A principal vantagem é a confiabilidade. Como disse, a térmica é uma máquina síncrona à disposição do sistema. Em termos de confiabilidade, isso é imbatível. Até hoje, inclusive a nível mundial, não se conseguiu um substituto para uma máquina síncrona em termos de confiabilidade. Há uma tentativa com baterias tipo GFM, a nível experimental, em países como Estados Unidos, China, Inglaterra e Austrália. Esse experimento vai gerar bons frutos, mas para a confiabilidade de um sistema de potência, ele não vai resolver. Seria mais fácil esverdear uma máquina síncrona do que procurar um inversor de eletrônica de potência que a simulasse.

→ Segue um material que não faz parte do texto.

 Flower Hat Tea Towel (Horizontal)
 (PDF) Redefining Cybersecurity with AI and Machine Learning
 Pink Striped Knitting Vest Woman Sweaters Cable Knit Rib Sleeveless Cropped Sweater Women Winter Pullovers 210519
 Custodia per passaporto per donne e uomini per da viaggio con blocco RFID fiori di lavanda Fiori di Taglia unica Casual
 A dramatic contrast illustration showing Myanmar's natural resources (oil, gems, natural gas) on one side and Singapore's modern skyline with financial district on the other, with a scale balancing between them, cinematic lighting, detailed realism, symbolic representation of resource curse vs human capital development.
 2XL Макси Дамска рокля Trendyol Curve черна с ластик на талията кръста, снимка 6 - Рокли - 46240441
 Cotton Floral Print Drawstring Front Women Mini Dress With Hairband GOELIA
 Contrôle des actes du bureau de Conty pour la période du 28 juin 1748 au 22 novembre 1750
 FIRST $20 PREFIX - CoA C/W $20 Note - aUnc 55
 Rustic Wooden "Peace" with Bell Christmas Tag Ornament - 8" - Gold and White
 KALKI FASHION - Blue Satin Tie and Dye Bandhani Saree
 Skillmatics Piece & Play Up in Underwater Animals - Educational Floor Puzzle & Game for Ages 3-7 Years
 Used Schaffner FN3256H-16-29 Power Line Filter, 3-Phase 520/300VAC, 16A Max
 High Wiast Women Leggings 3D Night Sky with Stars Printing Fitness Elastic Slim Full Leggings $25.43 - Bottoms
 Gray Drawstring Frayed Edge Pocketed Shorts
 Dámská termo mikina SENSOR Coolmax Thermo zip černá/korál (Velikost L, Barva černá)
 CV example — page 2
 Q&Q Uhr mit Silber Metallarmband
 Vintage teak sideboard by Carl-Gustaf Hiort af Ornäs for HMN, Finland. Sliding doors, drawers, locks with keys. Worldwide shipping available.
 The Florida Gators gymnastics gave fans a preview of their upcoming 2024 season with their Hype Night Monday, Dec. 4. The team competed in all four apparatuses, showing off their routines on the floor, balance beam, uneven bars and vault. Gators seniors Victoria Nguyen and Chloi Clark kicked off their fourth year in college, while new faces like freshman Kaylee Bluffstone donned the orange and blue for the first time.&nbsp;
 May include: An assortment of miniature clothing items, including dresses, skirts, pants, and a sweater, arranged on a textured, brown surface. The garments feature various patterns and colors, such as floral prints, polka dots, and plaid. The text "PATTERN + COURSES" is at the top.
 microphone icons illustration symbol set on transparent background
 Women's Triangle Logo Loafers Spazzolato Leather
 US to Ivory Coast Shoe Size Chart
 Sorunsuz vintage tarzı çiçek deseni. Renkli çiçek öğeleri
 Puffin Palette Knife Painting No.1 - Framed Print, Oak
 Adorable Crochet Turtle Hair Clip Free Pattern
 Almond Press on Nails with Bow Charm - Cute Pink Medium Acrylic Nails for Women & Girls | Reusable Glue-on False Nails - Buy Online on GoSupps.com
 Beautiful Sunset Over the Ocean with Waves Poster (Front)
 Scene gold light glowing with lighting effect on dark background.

A desvantagem é a emissão de CO2. Contudo, nós temos associados que estão prontos para colocar novas térmicas com CCUS (Carbon Capture, Utilisation and Storage), ou seja, com captura de carbono. Com isso, nós vamos ter uma térmica 70%, 80% verde, o que resolve a questão. É só fazer um leilão de energia nova que colocamos novas térmicas com CCUS. Além disso, no futuro nós teremos as térmicas com hidrogênio renovável.
As usinas nucleares não poderiam ser um caminho? Por exemplo, enquanto a Alemanha desativou todas as suas usinas nucleares, para passar a importar energia nuclear, a França não toca nesse assunto e ainda pretende ampliar o seu parque de usinas nucleares para garantir a independência e segurança energética do país.
As usinas de maior requerimento e impacto na transição energética são as térmicas a gás e as nucleares. No Brasil, as usinas de Angra I e Angra II têm uma importância impressionante, pois elas são de base, ou seja, estão gerando o tempo todo. Sem essas duas usinas, nós estaríamos em um período extremamente crítico.
O problema das usinas nucleares é que elas têm que gerar na base, pois sempre geram no máximo. Agora estão sendo lançadas pequenas usinas nucleares que são mais flexíveis e que podem ser despachadas com maior facilidade. Junto com as térmicas existentes, essas usinas seriam extremamente importantes para a formação de um excepcional parque em termos de confiabilidade.
Considerando a conversa que tivemos, você gostaria de acrescentar algum ponto à sua entrevista?
Atualmente, um problema que está incomodando é o curtailment, ou seja, o corte de energia eólica e solar do Nordeste, onde estão a maioria das usinas, por questões de confiabilidade. Por mais que haja um limite de transmissão, que não pode ser ultrapassado, esse problema não está na transmissão, e sim nas emissoras localizadas no Nordeste que possuem uma possibilidade de instabilidade de tensão, como houve no dia 15 de agosto de 2023, quando tivemos um blackout. Isso está fazendo com que não se possa despachar todas as usinas eólicas e solares.
Nós já entregamos um relatório a ONS (Operador Nacional do Sistema Elétrico) e a EPE (Empresa de Pesquisa Energética) mostrando que se as usinas térmicas localizadas no Nordeste, e que estavam desligadas, tivessem sido despachadas, como Pecem I, o curtailment teria sido reduzido de forma significativa, ou seja, teria sido possível transmitir muito mais energia das usinas eólicas e solares. Por exemplo, se Pecem I colocar 700 MW, aumenta-se a possibilidade das usinas renováveis do Nordeste transmitirem cerca de 3 mil MW.
Essa restrição está deixando o pessoal das eólicas e solares muito aborrecidos, e com razão, sendo que esse problema está se dando por falta de geração térmica. As térmicas estão disponíveis para ajudar nessas situações. É por isso que a matriz tem que ter todo mundo.